She also carefully studies how children react to their birth parents. One thing she looks for is what’s called “secure attachment,” or an impression that the child can depend on the parent to be there when the child feels unsure or afraid. “Insecure attachment,” meanwhile, could manifest itself in several ways. Anxious attachment might mean an extremely clingy child; avoidantly attached children act as if they don’t need the parent; a disoriented child freezes or simply doesn’t know what to do.
Even when everyone—the evaluator, the social worker, the judge—tries to execute her part perfectly, the child-welfare system can be heart-wrenching and unfair. Much of what determines whether parents’ rights are terminated is how well they work with their social worker, says Julianne Woolard, an attorney who has worked with Lamb. The process can require a level of social skills and diplomacy that many people—especially low-income mothers and fathers—haven’t learned. “It’s sitting through meetings with 10 people at a table, talking about you, talking about your parenting skills,” Woolard says. “It’s tough.”
Certain parental afflictions tend to be punished more harshly than others. Fetal alcohol syndrome is shockingly widespread, but as Lamb writes, “If we removed children from all the homes of people struggling with alcoholism, it would be hard to find enough foster homes for these kids.” And Lamb repeatedly describes how we—society, the system, and sometimes even children themselves—seem to expect much more from mothers than from fathers. “Mothers who don’t protect are always worse than fathers who abuse,” she writes.
Parents themselves vary widely. Poor people and rich people often have different definitions of “good enough” parenting; they might have been raised differently and cope with different amounts of stress in adulthood. A parenting tactic that is merely strict in one mother’s hands can appear cruel when performed by a mother who is already considered suspect.

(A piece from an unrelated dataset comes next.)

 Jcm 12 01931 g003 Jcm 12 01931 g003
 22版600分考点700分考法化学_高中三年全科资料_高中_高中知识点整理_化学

Money, in part, determines who gets to be mean with impunity. The infamous “tiger mother,” Amy Chua, has said she once rejected her children’s handmade cards because they weren’t made with enough care. At one point in the book, Lamb hints that had a less wealthy and accomplished mother treated her children that way, she might have lost access to her children. It would be rare, Lamb told me, for somebody to report a wealthy-looking mother to the police if she were seen criticizing her child in public. “It’s interesting to think about who has a right to be verbally abusive to their child, and it seems like with money, you do have that right,” she says.